Volkswagen is committed to bringing the EV revolution to the masses, which is why the company will launch an entry-level electric car with a tentative price of €25000.
“Do Less But Better”
Schaefer said that the brand would reduce the number of its offerings and focus on improving the production and quality of its core models. It aims to improve the profit margin for its models like Volkswagen, Skoda, and SEAT. The idea is to decrease wasteful production and focus on improving quality. Schaefer plans to use each factory to manufacture multiple models to cut costs and increase efficiency. He mentioned the “platform thinking” paradigm to build various VW models on top of a common design.

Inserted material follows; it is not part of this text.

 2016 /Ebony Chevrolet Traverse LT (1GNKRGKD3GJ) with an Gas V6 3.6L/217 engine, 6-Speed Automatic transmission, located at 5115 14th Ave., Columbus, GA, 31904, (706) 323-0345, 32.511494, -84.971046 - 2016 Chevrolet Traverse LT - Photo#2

Standardizing EV Parts to Cut Costs
One of the key hurdles in the mass adoption of electric vehicles is their price tag. Volkswagen aims to bring the price of EVs down by standardizing the components of its vehicles. The entry-level electric vehicle that Schaefer talked about will sport a battery pack having a standardized chemistry and format. The standardization, Schaefer claims, will enable the company to keep the price of its electric vehicles low.
Volkswagen has always tried to compete with Tesla in the EV sphere. Unfortunately, its ID series of cars faced delays, functional issues and software glitches which dented its EV plans. If its low cost EV model gains popularity, it will open a niche for VW since Tesla exclusively targets the premium segment. It already promotes the ID 4 model with the tagline- “A car for the millions, not the millionaires.”

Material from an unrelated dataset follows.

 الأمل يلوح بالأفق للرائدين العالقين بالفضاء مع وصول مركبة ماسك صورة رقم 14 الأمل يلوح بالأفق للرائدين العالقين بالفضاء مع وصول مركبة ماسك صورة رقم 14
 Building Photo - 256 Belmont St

State of EV Adoption in Europe
The EU is going to be an extremely important market for EV makers in the coming years. In fact, the estimated sales projection indicates that Europe will pip North America in EV uptake. Statista estimates that a whopping 4.4 million EVs will be sold in Europe in 2026, while in the US, that figure will hover around 1.9 million. The recent development resulting from the Russia-Ukraine war is further going to boost the adoption of electric vehicles.
However, despite a 70% increase in the sale of electric vehicles in 2021, the European EV sphere has some challenges in front of it. The biggest challenge is the lack of a charging ecosystem. A 2021 report by Volvo reveals that, on average, there are just five fast charging stations per 100 km which can be a problem for EV makers that are trying hard to match the mileage of EVs with traditional vehicles.
The Challenge before Volkswagen
The dream of Volkswagen to be the EV company for the masses might be in jeopardy thanks to the Russia-Ukraine war. Russia supplies metals (like nickel) which are needed to make batteries for EVs. Due to the sanctions and low supply, the prices of these metals have increased by 50 per cent, as reported by Barron’s. Unless Europe finds other sources of raw materials for batteries, solar panels and smart grids, Volkswagen’s strategy of keeping the prices low will remain in danger.